Trump’ın anlaşma şartları

Trump, anlaşmayla ilgili 4 değişiklik talebinde bulunuyor. Bunlardan birincisi IAEA müfettişlerinin İran’daki bütün bölgelere girmesine izin veren bir zaman takvimi düzenlenmesi. İkincisi ise İran’ın hiçbir zaman nükleer silaha sahip olmayacağının garanti edilmesi. Üçüncüsü nükleer anlaşmanın 10- 15 yıl ardından İran’a nükleer programına devam etme izninin verilmemesi. Dördüncüsü ise Kongre’den çıkması beklenen İran’ın balistik füze programının reddedilmesine ilişkin karar doğrultusunda hareket edilmesi. Zira Trump’a göre bu programı nükleer anlaşmalardan ayırmak mümkün değil.

ABD Başkanı Trump, üçüncü kez en kötü anlaşma olarak nitelemesine rağmen nükleer anlaşmanın devam etmesini onayladı. Beyaz Saray’dan yapılan açıklamada aslında Trump’ın özellikle İran’da gösteriler sırasında 21 kişinin ölmesi ve binlerce kişinin tutuklanması sonrasında nükleer anlaşmanın feshini açıklaması beklenirken Amerikan Dışişleri ve Savunma Bakanları Trump’ı bu karardan dönmeye ikna etti. Bu konuda İranlıların nükleer anlaşmaya uyduğunu ve anlaşma bozulursa radikalizmin artacağı ve İran’ın yeniden nükleer programını başlatacağını düşünen Avrupalıların da baskısı oldu.

Amerikan kamuoyunda ve Avrupalılardan gelen uyarılarda da anlaşmanın feshinin Avrupa’yla ilişkilerde diplomatik krize neden olacağı ve petrol piyasasında çalkantıya sebebiyet vereceği öngörülüyordu.

Aynı zamanda güvenlik uzmanlarından, eski ve mevcut Kongre üyelerinden 52 kişi de Trump’a bir mektup yazarak nükleer anlaşmanın feshedilmesi durumunda meydana çıkacak risklere karşı uyarılarda bulundular.

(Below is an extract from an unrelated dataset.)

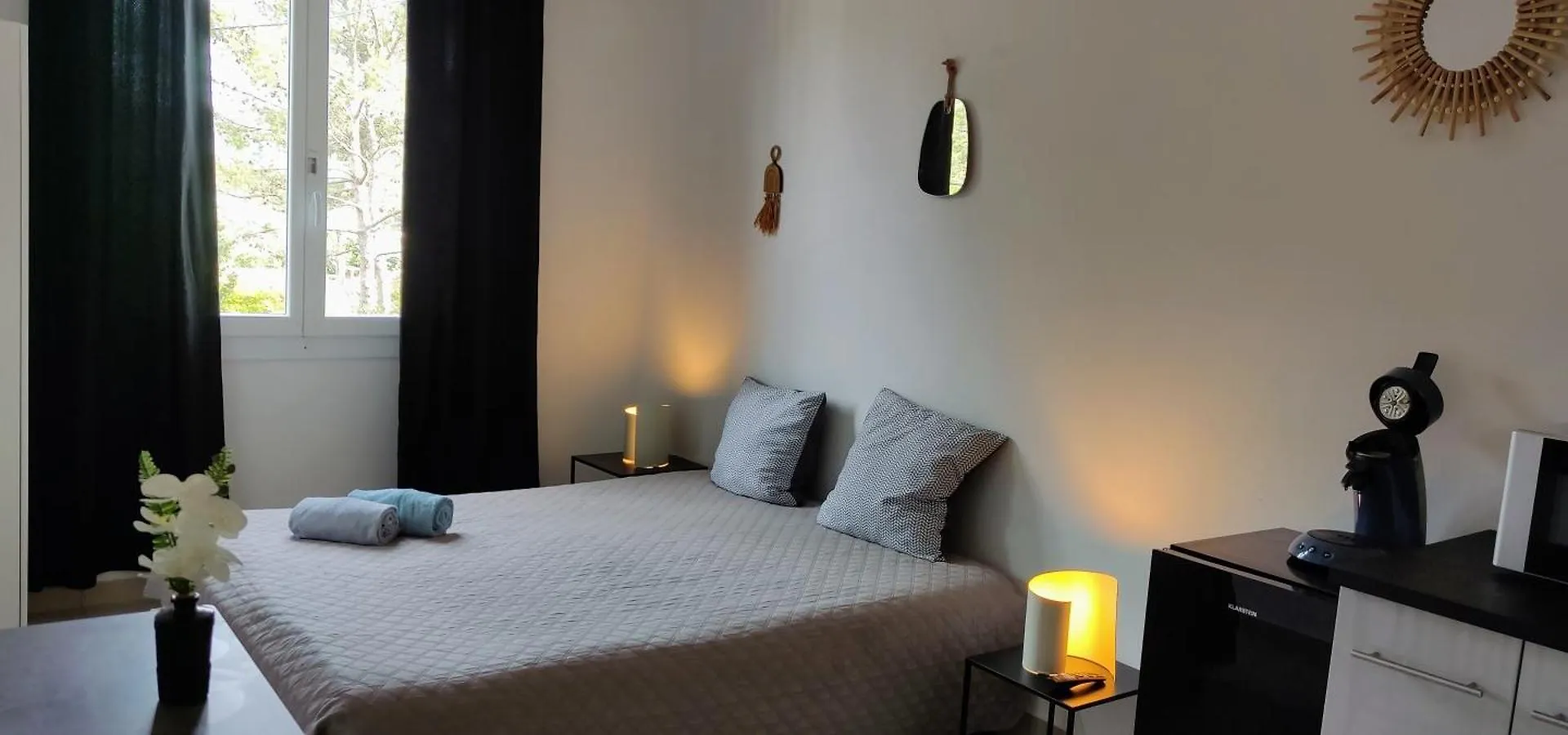 Provencal-Style Apartment Aix-en-Provence 0*,  France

İran’ın nükleer programına kısıtlamalar getirmesi ve müfettişlerin İran tesislerini izlemesine izin vermesi karşılığında gerçekleştirilen nükleer anlaşma, İran’ın hayat damarları olan petrol ve doğal gaza yönelik yaptırımların kaldırılmasını sağladı.

Son günlerde nükleer anlaşmanın akabinde İran’da petrol ve doğalgaz çıkarmak isteyen Avrupalı enerji piyasaları Trump’ın anlaşmayla ilgili kararını ve atacağı adımı bekliyordu.